• EXERCISE DETAILS: The entries below contain a stretch that opens with the line containing "Snapshot of INboy95" and closes with the line containing "Vehicle image 4 Vehicle image 4"; set down that stretch exactly, both ends included, and nothing else.

Items from a data source:
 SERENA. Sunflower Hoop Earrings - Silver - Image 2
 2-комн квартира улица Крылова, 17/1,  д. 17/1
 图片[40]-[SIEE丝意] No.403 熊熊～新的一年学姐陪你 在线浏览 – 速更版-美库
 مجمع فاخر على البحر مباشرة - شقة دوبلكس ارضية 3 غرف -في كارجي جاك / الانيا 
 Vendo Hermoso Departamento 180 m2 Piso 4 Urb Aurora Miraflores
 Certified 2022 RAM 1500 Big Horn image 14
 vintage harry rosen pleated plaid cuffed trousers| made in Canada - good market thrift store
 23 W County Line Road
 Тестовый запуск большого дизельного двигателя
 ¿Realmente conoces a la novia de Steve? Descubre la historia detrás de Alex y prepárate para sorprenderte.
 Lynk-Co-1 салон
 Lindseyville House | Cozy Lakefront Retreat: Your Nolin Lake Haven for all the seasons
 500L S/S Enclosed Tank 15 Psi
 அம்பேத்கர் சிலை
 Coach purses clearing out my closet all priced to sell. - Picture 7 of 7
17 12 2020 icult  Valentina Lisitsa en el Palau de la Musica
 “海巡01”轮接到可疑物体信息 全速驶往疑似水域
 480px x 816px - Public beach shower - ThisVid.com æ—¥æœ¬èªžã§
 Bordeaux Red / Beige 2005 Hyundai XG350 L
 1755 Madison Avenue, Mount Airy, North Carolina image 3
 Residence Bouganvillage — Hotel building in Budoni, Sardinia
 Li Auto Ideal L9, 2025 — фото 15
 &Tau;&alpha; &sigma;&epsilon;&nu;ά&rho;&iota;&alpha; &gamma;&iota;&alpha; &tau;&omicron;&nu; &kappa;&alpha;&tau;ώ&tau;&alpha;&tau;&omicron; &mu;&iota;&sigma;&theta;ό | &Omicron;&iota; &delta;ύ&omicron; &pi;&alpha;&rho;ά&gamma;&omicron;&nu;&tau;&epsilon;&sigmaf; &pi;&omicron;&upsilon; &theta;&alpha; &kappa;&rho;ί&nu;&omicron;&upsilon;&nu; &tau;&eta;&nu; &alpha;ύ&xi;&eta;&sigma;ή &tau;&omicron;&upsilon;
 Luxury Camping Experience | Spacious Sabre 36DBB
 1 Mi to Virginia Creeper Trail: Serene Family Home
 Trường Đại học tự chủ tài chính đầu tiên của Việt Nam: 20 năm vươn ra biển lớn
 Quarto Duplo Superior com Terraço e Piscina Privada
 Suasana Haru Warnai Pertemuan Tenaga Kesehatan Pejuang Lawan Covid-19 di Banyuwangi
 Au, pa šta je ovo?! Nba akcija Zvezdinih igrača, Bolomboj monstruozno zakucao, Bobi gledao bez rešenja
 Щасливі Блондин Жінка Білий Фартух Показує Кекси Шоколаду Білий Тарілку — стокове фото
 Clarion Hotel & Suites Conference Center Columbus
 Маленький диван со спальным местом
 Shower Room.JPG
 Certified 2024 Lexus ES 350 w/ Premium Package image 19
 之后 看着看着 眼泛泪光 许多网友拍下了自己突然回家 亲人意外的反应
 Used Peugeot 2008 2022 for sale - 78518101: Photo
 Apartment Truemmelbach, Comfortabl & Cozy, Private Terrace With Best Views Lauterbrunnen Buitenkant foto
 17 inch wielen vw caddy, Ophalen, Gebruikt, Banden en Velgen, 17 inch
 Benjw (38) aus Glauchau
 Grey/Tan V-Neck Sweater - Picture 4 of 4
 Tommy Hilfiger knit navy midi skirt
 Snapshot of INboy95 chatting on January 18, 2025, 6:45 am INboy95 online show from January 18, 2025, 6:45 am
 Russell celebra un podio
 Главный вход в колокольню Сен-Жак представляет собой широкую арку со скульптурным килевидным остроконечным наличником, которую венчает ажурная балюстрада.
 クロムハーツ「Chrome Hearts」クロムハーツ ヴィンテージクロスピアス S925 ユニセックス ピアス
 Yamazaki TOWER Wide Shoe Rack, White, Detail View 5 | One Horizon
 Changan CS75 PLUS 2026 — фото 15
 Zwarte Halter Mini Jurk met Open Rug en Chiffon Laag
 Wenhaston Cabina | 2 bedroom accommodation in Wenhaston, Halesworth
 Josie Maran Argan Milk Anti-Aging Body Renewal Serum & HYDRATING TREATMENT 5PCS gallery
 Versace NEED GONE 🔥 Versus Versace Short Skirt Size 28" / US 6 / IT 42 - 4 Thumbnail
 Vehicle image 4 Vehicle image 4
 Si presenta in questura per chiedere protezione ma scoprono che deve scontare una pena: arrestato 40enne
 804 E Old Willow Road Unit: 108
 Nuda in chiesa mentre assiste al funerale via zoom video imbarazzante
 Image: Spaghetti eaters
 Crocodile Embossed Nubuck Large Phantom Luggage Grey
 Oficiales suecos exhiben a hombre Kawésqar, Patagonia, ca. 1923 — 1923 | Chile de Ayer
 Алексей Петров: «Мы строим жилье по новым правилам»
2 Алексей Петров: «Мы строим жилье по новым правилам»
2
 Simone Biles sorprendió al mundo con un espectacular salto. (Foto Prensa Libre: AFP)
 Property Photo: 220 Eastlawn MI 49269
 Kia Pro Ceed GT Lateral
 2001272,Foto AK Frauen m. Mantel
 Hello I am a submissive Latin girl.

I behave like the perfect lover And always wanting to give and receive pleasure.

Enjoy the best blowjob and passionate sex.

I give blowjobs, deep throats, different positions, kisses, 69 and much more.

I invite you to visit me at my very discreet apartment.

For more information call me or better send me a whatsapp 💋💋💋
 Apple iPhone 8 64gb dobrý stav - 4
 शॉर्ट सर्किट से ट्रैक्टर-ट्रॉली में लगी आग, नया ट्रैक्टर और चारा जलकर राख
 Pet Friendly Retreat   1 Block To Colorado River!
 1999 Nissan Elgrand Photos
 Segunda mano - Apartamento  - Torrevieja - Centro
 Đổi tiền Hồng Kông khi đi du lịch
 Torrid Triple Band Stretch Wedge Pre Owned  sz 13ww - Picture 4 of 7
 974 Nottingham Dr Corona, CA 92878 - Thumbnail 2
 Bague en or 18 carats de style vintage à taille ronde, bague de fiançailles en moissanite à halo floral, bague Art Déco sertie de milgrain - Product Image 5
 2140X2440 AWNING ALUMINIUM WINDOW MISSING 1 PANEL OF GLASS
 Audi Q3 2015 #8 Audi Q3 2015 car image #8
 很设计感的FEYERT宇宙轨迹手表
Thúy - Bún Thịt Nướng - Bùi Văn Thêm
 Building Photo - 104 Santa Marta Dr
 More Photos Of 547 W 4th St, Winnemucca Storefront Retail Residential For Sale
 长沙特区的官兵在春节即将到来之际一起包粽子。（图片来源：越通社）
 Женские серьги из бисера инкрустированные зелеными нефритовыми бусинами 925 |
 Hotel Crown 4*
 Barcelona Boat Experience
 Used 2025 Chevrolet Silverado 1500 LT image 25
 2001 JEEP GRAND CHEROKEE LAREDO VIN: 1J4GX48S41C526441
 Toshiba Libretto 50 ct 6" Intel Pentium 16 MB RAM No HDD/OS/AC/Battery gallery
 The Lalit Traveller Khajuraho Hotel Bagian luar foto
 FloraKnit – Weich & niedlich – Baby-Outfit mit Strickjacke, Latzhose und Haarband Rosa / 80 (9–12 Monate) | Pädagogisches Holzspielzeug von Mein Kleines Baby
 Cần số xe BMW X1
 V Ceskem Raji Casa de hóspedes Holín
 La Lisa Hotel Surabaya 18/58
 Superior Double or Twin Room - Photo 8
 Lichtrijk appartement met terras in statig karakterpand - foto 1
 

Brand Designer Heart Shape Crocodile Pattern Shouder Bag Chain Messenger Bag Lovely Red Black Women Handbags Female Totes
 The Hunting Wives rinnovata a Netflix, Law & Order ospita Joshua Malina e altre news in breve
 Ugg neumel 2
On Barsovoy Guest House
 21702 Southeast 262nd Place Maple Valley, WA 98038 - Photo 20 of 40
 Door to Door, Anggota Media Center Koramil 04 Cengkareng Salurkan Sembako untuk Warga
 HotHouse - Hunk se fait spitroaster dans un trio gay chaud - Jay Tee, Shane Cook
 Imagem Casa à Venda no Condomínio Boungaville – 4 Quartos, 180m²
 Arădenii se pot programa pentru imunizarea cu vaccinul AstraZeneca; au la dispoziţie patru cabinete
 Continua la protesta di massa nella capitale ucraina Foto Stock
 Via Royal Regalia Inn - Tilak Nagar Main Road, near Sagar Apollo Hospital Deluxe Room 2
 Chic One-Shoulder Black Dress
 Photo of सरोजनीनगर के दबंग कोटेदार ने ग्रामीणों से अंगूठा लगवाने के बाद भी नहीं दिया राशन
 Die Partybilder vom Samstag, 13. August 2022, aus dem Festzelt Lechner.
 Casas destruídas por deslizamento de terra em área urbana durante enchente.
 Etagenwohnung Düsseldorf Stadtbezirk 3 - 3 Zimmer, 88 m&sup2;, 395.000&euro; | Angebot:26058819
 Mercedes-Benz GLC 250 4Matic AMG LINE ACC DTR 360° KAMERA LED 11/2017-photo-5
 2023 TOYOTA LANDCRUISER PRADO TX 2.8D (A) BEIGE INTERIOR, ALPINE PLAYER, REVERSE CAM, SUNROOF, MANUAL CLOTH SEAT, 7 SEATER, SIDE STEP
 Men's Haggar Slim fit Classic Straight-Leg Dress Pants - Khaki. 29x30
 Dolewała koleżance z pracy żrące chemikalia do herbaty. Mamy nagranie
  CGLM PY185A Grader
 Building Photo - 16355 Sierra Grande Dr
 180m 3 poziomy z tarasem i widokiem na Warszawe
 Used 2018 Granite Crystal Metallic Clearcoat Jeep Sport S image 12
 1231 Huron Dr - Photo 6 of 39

• EXERCISE RESPONSE:
 Snapshot of INboy95 chatting on January 18, 2025, 6:45 am INboy95 online show from January 18, 2025, 6:45 am
 Russell celebra un podio
 Главный вход в колокольню Сен-Жак представляет собой широкую арку со скульптурным килевидным остроконечным наличником, которую венчает ажурная балюстрада.
 クロムハーツ「Chrome Hearts」クロムハーツ ヴィンテージクロスピアス S925 ユニセックス ピアス
 Yamazaki TOWER Wide Shoe Rack, White, Detail View 5 | One Horizon
 Changan CS75 PLUS 2026 — фото 15
 Zwarte Halter Mini Jurk met Open Rug en Chiffon Laag
 Wenhaston Cabina | 2 bedroom accommodation in Wenhaston, Halesworth
 Josie Maran Argan Milk Anti-Aging Body Renewal Serum & HYDRATING TREATMENT 5PCS gallery
 Versace NEED GONE 🔥 Versus Versace Short Skirt Size 28" / US 6 / IT 42 - 4 Thumbnail
 Vehicle image 4 Vehicle image 4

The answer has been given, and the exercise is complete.